Posen as well as the province of that name fell to the new Poland in 1919. In the next decade the Poles carried out many civic improvements and extended the city boundaries. Unfortunately the Poles began an aggressive Polonisation programme and the systematic oppression of the German population (despite German still being the language of commerce), notably in education; German properties were often compulsorily liquidated, "a favourite device"! Large owners of land and factories who were settled here prior to 1908 had the option to acquire Polish citizenship and some did. However a strict interpretation of the article concerning this in the Versailles Treaty was responsible for the expulsion by Poland of thousands of Germans. In the case of German companies they were obliged to accept Polish directors, despite their lack of, or absence of, knowledge. Polish officials became domineering in most things but especially taxation. Despite many families having been in Posen for up to 700 years and led blameless existences, the great exodus of Germans began, despite petitions to the League of Nations which Poland either opposed or ignored.[9][10] Even the Roman Catholic Church took part in these expulsions, with Polish Bishops ousting German priests (who were usually bilingual) and replacing them with ardently Polish new clergy who follow the nationalist policies and only spoke Polish.[11]

Sources

  1. Northern Germany by Karl Baedeker, Leipzig & London, 14th revised edition, 1904, p.180.

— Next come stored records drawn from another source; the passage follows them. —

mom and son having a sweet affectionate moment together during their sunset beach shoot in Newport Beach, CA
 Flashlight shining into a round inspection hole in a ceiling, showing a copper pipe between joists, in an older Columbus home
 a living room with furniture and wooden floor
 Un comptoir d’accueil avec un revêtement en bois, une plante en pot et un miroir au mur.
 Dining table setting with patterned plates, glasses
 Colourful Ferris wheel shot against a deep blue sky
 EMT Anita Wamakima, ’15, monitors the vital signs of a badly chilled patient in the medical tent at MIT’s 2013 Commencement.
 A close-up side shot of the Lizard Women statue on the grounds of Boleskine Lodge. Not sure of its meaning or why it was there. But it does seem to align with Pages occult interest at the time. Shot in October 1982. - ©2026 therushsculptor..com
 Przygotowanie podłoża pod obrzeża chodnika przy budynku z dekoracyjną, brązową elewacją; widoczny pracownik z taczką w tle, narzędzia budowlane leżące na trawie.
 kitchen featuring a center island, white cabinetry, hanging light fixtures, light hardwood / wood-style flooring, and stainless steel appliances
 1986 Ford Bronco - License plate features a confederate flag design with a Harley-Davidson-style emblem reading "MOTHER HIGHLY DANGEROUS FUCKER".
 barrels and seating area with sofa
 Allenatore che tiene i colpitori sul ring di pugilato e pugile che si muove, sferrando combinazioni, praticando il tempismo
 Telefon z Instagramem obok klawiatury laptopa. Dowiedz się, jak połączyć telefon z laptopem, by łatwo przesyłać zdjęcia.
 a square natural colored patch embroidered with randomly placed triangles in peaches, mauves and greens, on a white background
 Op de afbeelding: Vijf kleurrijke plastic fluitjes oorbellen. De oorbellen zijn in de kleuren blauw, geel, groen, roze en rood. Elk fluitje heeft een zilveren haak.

  2. The New Atlas of the World by Odhams Press Ltd., London,1935, Gazetteer, p.278.
  3. Encyclopaedia Britannica, 15th edition, Micropaedia, volume 9, Chicago, p.659.
  4. Baedeker, 1904, p.181.
  5. The Polish Corridor by Sir Robert Donald, G.B.E., LL.D., London, 1929, p.57.
  6. Baedeker, 1904, p.181-2.
  7. Baedeker, 1904, p.181-2.
  8. Polish Economist, January 1928 edition.
  9. Donald, 1929, pps:57-60.
  10. The Cauldron Boils by Emil Lengyel, New York, 1932. p.24-6.
  11. The Eastern Frontiers of Germany by René Martel, University of Paris, London, 1930, p.18-9.